Given that this only takes a few μs, it looks like this is because this falls into the documented exception of functions that are too fast to accurately measure without running then repeatedly. You should probably also see a warning that this function is very fast in the output, right?
That’s what thought too, but no such warning appears and I’m running on Ubuntu and not Windows. I didn’t mention before but I’m running it inside a ExUnit test. Not sure if it might have an impact, though.
Running in ExUnit shouldn’t make a difference. Do you have the fast function warning disabled? You can do that when setting up your benchmark.
Either way, I can pretty much guarantee that this happens because that function you’re benchmarking is extremely fast. Can you drop a sleep in there for like 50ms and see what happens?

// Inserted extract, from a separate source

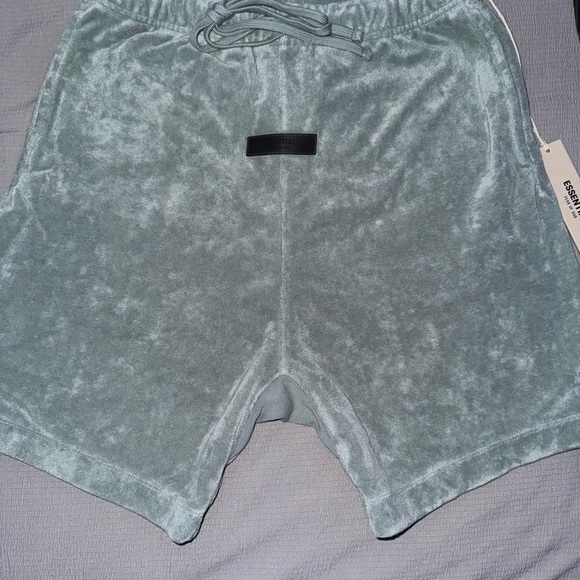 SYCAMORE GREE ESSENTIALS MES SHORTS EXTRA SMALL BRAND NEW - Picture 2 of 3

Do you have the fast function warning disabled?
No, the :fast_warning
is enabled by default and I didn’t set it.
I can pretty much guarantee that this happens because that function you’re benchmarking is extremely fast
I’m benchmarking a function that:
- Calls
DateTime.utc_now()
to get a timestamp;
- Creates a record with data from
before_each
(strings and list of strings) and the timestamp;
- Inserts the record it in a local in-memory mnesia table using
:mnesia.write
and :mnesia.transaction
;
- Creates a struct with the data from the record and returns it;
As per the metrics in my first post it is fast indeed. Do you think I should benchmark multiple calls to that function instead of individually?
Can you drop a sleep in there for like 50ms and see what happens?
I had done that even before starting this thread, but with 200ms instead of 50ms and in the after_each:
No logger and no sleep
Name ips average deviation median 99th %
insert_agent 45.78 K 21.84 μs ±27.15% 20.24 μs 42.27 μs
insert_agent 44.65 K 22.40 μs ±33.99% 20.38 μs 48.54 μs
insert_agent 45.27 K 22.09 μs ±31.76% 20.60 μs 40.96 μs
No logger but with Process.sleep(200) in the after_each
insert_agent 4.37 K 228.76 μs ±21.05% 225.18 μs 386.85 μs
I’ll do it in the function being benchmarkd and post the results here.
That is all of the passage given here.